FieldShield and other IRI tool data definition file (.ddf) metadata is also supported by DataSwitch, erwin (Quest) Mapping Manager, and the Meta Integration Model Bridge (MIMB). These tools convert metadata already defined in third-party BI, CRM, DB, ETL, and data modeling tools into FieldShield DDF. FieldShield is also compatible with Windocks, Actifio and Commvault database cloning software.
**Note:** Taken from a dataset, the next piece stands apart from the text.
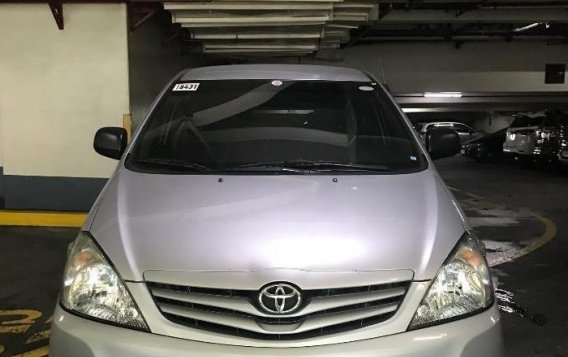 2011 Toyota Innova E for sale-2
All of this makes it easier for you to protect data in your current environment.
FieldShield functionality has been on the market in CoSort since 2007 and on its own as a standalone product since 2011. It is supported in GUI, CLI or API modes by IRI directly, its authorized representatives in major cities around the world, and third-party cyber security consulting partners. These experts are all vested in your success and are committed to rapid, responsive help on your use cases or trouble tickets with or without formal SLAs.
Expect the same level of support years into your use of the product that you received during your evaluation and proof of concept phases as your needs change. We are happy to provide you with references who will speak to their experiences with IRI data masking technology and support.